African LGBTQI+ Migration Research Network
ALMN aims to advance scholarship on all facets of LGBTQI+ migration. We bring together scholars, researchers, practitioners, activists and service providers to spark critical conversations, promote knowledge exchange, support evidence-based policy responses, and initiate effective and ethical collaborations.
ALMN recognises that LGBTQI+ migration does not simply happen from the African continent, but also within and across (imposed) national borders. We are committed to both reorienting LGBTQI+ migration scholarship towards the Global South, and promoting knowledge produced within the Global South in order to challenge systemic inequality within the global academy.

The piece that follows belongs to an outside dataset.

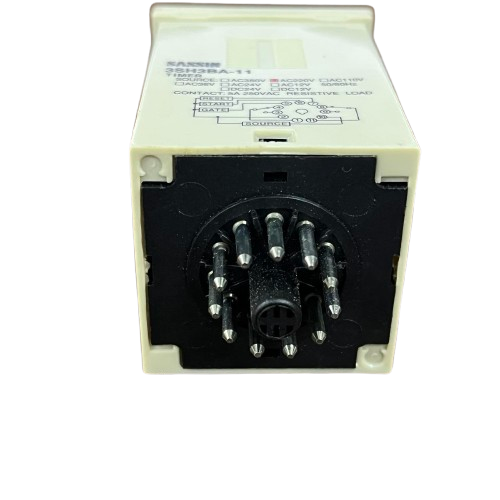 Sassin Multi Range Timer 0-10 Sec 0-5 Sec relay unit beige housing showing 8 pin circular plug terminals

ALMN was established in June 2019 by B Camminga and John Marnell, in an effort to coordinate and spotlight research on all facets of LGBTQI+ migration. B and John are both based at the African Centre for Migration and Society (ACMS), University of the Witwatersrand.
Aims and objectives
ALMN brings together individuals interested in LGBTQI+ migration on, from and to the African continent in order to:
Advance the field of LGBTQI+ Migration studies, particularly within the Global South
Map current work on LGBTQI+ migration and house a member-populated resource database
Spotlight diverse researchers, scholars, activists and practitioners working on LGBTQI+ migration
Open up new avenues for collaboration and engagement, such as international conferences, workshops and publications
Create opportunities for cross-continental engagement and wider research dissemination
Initiate critical conversations around the ethics, methods and practices of researching and representing LGBTQI+ migrants
Kawira Mwirichia – a bold, unapologetic and ever so talented visual artist from Kenya – has generously given us permission to use her ‘Queer Kangas’.
The kanga shown at the top of this page represents queer history and resistance in Zimbabwe. The quote, submitted by Andrew Kelvis, translates to ‘Yes, I’m queer. Why does it irk you so, my dear?’